Exzess ohne Boden – Balance und Ambiguität in Ovids Tristien
Das Projekt setzt sich mit der Frage auseinander, welche Rolle Ambiguität in der Exilliteratur Ovids spielt. Dabei soll gezeigt werden, dass eine strategische Verunklarung der Umstände und Erlebnisse im Exil ein poetisches Mittel ist, das eine verlorene Balance des Dichters auf der Ebene des textlichen Diskurses realisiert.
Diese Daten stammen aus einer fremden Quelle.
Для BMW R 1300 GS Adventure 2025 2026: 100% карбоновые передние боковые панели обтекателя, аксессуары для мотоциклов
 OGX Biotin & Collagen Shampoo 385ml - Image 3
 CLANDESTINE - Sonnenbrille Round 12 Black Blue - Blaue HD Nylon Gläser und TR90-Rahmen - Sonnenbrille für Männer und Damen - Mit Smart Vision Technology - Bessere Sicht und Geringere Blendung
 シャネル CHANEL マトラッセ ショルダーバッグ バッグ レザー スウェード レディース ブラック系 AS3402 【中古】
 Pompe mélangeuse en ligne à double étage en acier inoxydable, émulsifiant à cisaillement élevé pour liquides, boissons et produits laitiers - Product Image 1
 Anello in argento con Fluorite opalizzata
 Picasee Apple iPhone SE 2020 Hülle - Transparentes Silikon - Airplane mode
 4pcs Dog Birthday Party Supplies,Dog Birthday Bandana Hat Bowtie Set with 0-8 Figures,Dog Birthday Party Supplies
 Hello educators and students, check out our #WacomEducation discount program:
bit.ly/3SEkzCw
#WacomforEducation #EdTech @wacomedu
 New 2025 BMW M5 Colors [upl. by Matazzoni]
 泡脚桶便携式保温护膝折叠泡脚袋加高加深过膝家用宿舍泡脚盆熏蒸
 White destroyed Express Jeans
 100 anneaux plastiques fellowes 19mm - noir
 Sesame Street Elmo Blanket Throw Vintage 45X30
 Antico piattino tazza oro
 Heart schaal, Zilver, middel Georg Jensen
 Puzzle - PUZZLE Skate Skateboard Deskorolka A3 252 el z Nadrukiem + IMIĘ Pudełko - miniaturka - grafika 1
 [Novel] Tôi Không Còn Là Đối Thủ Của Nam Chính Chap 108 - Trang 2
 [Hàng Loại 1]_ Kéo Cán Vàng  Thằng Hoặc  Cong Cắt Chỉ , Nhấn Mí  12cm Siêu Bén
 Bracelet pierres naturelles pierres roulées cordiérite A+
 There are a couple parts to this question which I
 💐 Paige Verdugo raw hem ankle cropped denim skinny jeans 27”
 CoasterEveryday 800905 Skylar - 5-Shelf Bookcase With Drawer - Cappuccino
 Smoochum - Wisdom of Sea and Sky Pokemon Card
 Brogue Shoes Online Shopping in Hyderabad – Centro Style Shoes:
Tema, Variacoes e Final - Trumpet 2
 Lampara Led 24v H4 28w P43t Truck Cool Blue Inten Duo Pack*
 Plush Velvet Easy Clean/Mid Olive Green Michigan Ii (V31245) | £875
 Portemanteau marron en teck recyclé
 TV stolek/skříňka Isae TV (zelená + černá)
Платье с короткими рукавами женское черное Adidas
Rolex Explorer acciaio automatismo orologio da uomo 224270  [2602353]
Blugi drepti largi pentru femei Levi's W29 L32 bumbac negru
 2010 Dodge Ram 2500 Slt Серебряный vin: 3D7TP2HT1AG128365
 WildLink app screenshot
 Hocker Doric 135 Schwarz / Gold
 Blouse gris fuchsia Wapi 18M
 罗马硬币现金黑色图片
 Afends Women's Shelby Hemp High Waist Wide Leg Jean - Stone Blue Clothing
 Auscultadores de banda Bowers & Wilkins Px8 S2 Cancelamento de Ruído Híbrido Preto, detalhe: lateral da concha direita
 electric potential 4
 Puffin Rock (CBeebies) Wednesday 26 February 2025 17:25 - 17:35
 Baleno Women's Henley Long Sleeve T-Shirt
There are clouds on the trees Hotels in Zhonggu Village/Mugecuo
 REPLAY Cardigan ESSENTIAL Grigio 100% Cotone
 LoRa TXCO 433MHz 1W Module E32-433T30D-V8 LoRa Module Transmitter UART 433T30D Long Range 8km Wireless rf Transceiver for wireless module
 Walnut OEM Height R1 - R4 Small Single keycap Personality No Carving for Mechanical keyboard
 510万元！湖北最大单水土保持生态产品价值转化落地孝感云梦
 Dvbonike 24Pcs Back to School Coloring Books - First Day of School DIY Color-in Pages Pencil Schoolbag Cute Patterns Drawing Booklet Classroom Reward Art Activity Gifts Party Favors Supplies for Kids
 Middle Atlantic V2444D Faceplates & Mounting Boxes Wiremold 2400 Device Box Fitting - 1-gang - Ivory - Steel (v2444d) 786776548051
Ausgangspunkt der Arbeit sind zwei Beobachtungen zu Ovids Exilliteratur, die bislang zwar getrennt voneinander beschrieben, bislang aber noch nicht dezidiert miteinander in Verbindung gebracht worden sind.
(1) In seinen Tristien, einer ersten Sammlung elegischer Exilgedichte, die gemeinhin den Beginn dieser Gattung in der abendländischen Literaturgeschichte markieren, schildert der römische Dichter Ovid die Erfahrungen seiner Verbannung (8 n. Chr.), seine Reise nach und seine Erlebnisse in seinem zugewiesenen Exilort Tomis an der Küste des Schwarzen Meeres. Dabei schildert er eine Welt, in der nicht nur Jahreszeiten und Klima, sondern auch seine körperliche und seelische Verfassung aus dem Gleichgewicht geraten. Mit metaphorischen und poetologischen Bildern des Gleichgewichts (z.B. Ikarus als Reflexionsfigur) stellt der Dichter seinen Sturz als radikalen Verlust des Gleichgewichtes dar, in dem Leben und Dichtung in eine Krise gestürzt sind, die einer Neuorientierung und eines neuen stabilen Standes bedürfen. Diese Thematik ist von der bisherigen Forschung zwar beschrieben, dabei aber lange Zeit als einseitige Selbst-herabsetzung des Dichters nach der Verbannung empfunden worden.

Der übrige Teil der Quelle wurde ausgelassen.